[Stored data]
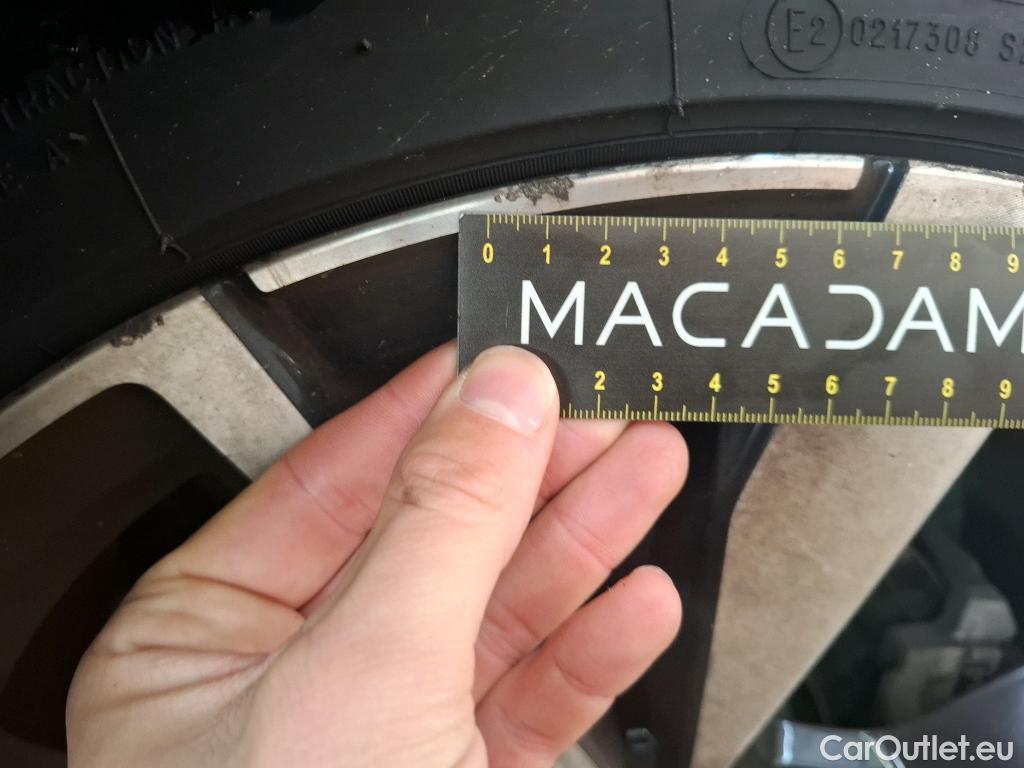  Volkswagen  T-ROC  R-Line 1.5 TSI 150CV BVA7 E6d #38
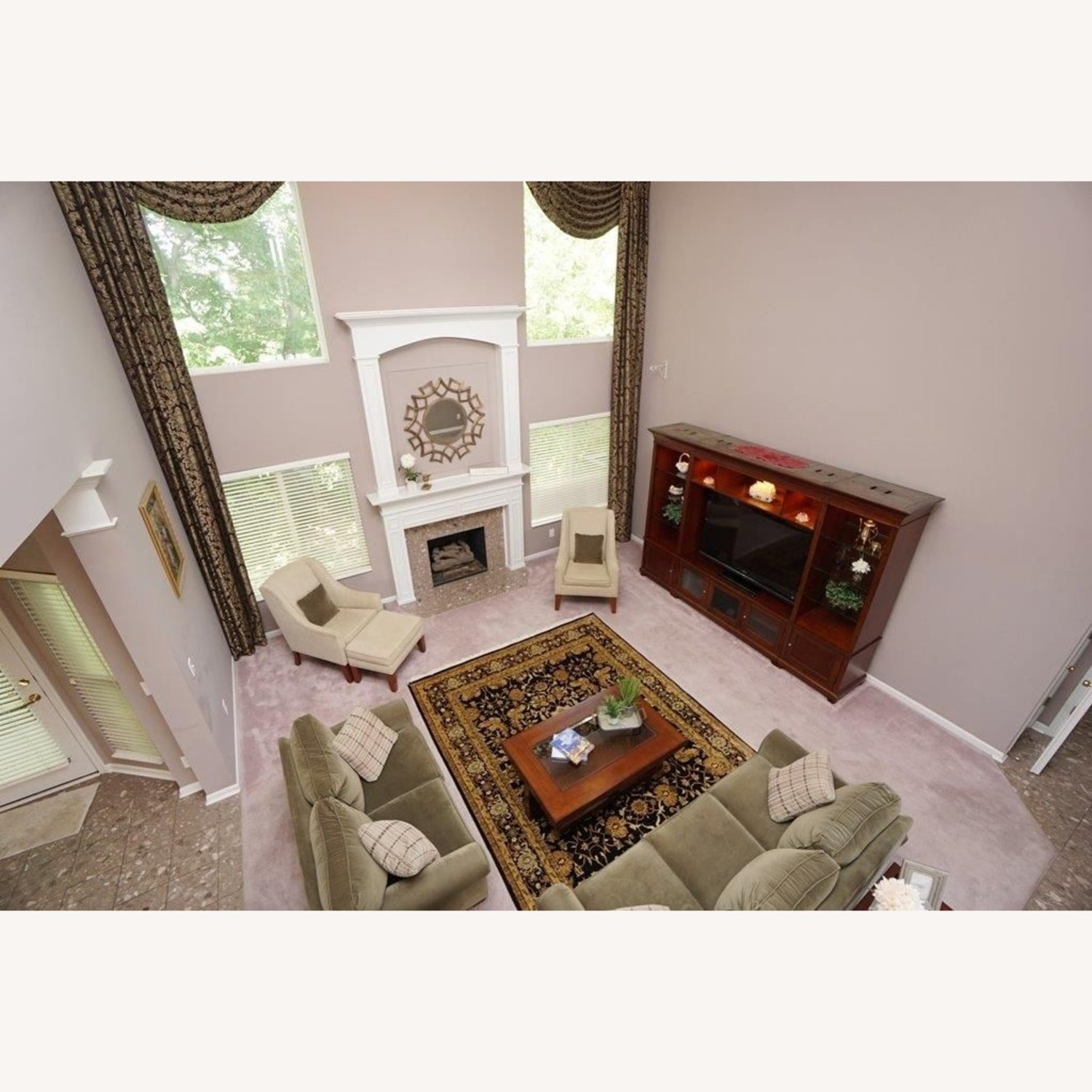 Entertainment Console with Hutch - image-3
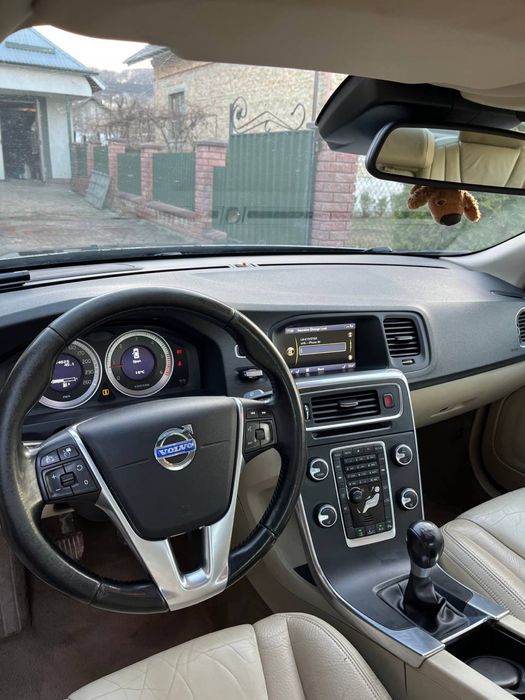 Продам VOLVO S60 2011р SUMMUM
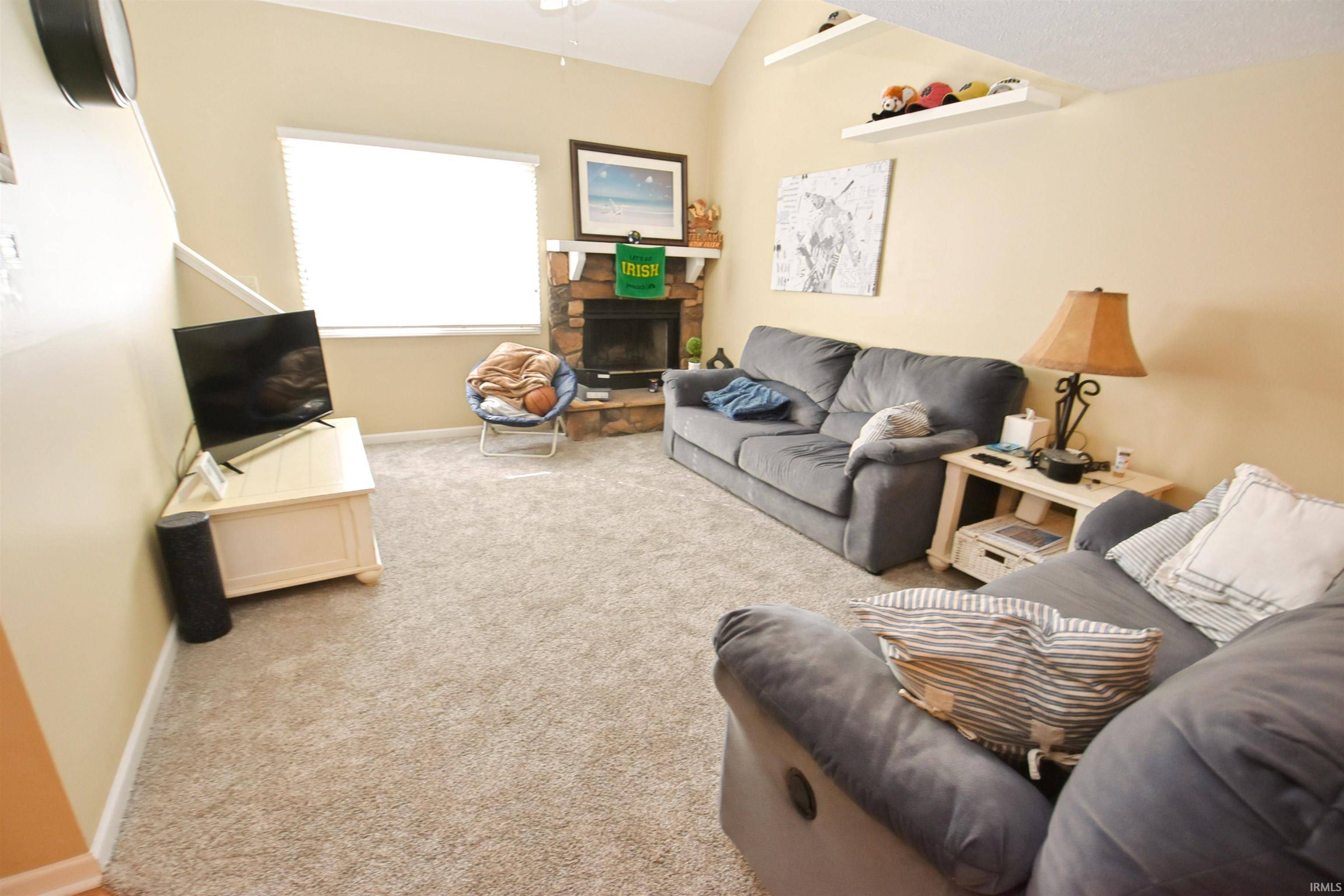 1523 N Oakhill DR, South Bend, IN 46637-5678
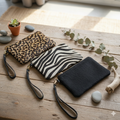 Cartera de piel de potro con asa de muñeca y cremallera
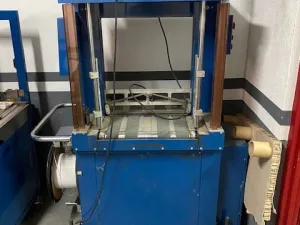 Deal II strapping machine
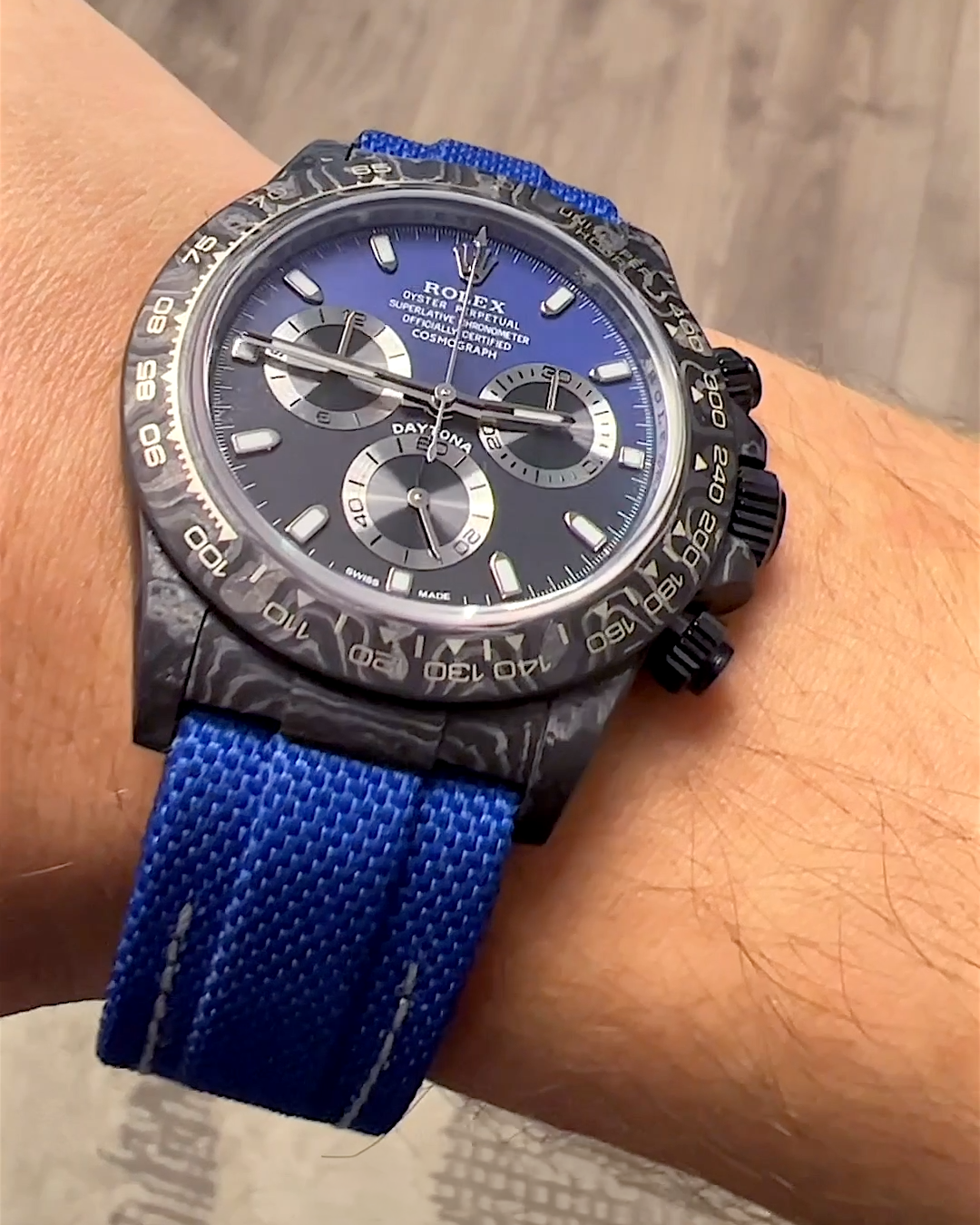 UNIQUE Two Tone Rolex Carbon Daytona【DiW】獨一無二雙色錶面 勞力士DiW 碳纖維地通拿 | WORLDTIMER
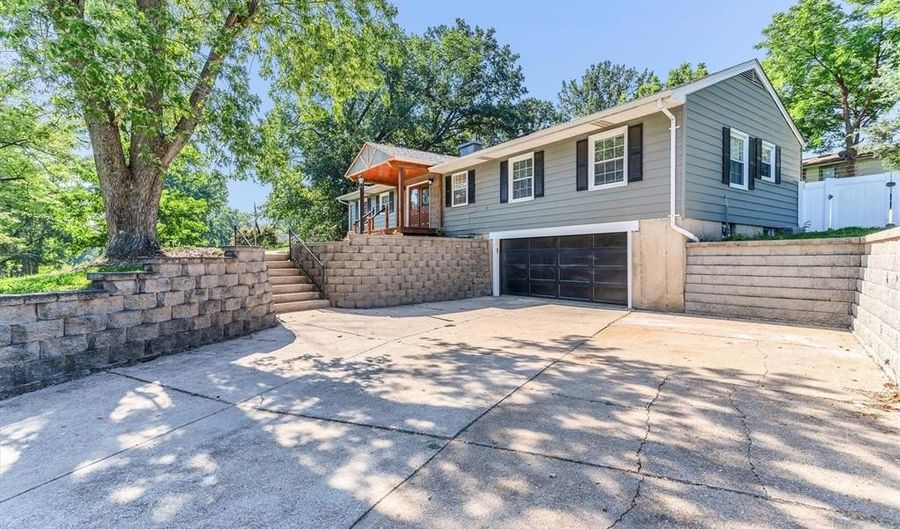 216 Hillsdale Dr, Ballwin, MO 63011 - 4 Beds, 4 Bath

* **BRIEF**:
Return exactly the lines that begin with the one containing "UNIQUE Two Tone" and end with the final line of the data above; include no pictures.

* **SOLUTION TO THIS TASK**:
 UNIQUE Two Tone Rolex Carbon Daytona【DiW】獨一無二雙色錶面 勞力士DiW 碳纖維地通拿 | WORLDTIMER
 216 Hillsdale Dr, Ballwin, MO 63011 - 4 Beds, 4 Bath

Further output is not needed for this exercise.